Chinese Markets Stare Into The Abyss After Lost Decade
By George Lei, Bloomberg Markets Live Commentator and reporter
China announced on Thursday a 50% reduction to the clearing fee on stock transactions in another piecemeal effort to prop up financial markets. Investors, however, increasingly sense a doomsday scenario for both the real economy and equities. As senior leaders gather for a critical meetingin the coming days, quick, bold measures are urgently needed to stop the downward spiral.
China’s CSI 300 Index rallied a total of 3.6% on Wednesday and Thursday, trimming its year-to-date loss to less than 21%. Performance for the first four months of 2022 is poised to be the worst start to a year since 2008.
Back then, at the height of the global market rout, then-Premier Wen Jiabao famously proclaimed that “in front of crisis, it is critical to have courage and confidence, which are even more important than gold.” Today, however, confidence among China-focused investors is sorely lacking.

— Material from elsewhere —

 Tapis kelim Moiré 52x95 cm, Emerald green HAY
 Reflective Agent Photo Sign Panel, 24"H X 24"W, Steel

Banxia, a Shanghai-based asset manager which topped local rankings in 2020, cut its equity exposure to zero in anticipation of a worsening economy and further market rout. “This year could be even worse for fund managers than 2008” in the sense that “it’s now very difficult to find a place where they can make money,” founder Li Bei told Bloomberg.
Weijian Shan, founder and chair of Hong Kong-based private equity fund PAG that manages more than $50 billion, also diversified away from China and was being “extremely careful” about portfolios in the country, the Financial Times reported. “We think the Chinese economy at this moment is in the worst shape in the past 30 years,” Shan said in a video of a meeting, adding that “market sentiment toward Chinese stocks is also at the lowest point in the past 30 years.”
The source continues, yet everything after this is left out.